Excerpted data -
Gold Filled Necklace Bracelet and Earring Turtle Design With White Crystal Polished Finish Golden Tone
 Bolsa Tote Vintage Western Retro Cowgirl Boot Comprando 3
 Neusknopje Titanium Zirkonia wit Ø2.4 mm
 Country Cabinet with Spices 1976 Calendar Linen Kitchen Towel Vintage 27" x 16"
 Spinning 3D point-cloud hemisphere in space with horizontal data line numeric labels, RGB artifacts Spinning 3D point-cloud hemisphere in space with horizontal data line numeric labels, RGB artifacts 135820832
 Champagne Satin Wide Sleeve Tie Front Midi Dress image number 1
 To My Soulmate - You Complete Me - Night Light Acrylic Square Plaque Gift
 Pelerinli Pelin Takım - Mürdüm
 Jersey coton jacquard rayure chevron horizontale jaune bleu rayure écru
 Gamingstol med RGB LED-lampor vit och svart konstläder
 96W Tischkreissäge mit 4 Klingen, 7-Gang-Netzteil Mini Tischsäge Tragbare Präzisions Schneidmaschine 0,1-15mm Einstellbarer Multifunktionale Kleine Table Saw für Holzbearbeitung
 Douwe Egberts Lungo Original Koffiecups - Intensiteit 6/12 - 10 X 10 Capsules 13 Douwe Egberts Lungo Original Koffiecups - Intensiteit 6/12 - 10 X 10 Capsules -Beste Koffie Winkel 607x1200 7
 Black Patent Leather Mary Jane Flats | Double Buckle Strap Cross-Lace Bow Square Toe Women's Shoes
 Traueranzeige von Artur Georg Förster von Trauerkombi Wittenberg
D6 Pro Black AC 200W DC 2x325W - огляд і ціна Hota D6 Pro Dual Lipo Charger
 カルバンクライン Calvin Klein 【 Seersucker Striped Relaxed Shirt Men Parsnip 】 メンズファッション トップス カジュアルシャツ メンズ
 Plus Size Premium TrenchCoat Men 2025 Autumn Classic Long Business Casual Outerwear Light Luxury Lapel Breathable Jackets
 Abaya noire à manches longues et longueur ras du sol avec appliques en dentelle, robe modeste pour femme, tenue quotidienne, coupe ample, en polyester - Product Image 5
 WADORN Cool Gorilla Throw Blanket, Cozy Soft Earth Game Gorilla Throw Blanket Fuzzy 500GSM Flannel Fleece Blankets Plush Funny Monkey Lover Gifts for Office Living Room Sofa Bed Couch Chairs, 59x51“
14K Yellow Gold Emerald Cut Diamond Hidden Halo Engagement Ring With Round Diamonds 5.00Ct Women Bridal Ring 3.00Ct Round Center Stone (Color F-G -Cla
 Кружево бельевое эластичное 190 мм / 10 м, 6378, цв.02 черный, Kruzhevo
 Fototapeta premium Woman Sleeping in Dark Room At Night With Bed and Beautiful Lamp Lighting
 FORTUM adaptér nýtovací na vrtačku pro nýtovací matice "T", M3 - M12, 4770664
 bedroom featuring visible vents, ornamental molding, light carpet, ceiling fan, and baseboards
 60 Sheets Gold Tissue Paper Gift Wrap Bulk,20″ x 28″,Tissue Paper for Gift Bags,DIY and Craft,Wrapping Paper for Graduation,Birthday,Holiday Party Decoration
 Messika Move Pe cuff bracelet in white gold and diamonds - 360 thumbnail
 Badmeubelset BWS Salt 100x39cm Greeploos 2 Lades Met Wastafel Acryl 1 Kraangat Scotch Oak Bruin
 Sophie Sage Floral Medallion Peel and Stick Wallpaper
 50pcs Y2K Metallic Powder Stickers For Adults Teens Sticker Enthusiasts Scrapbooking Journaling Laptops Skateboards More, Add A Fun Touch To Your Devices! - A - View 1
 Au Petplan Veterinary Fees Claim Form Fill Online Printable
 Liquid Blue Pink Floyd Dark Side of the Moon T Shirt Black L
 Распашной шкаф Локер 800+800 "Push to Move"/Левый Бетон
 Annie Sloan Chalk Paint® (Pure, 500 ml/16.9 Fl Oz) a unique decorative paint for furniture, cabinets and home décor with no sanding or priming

What is being asked -
Your answer should consist of the count of lines in the listing that hold the word "Dark", with nothing else.

Response to the exercise -
2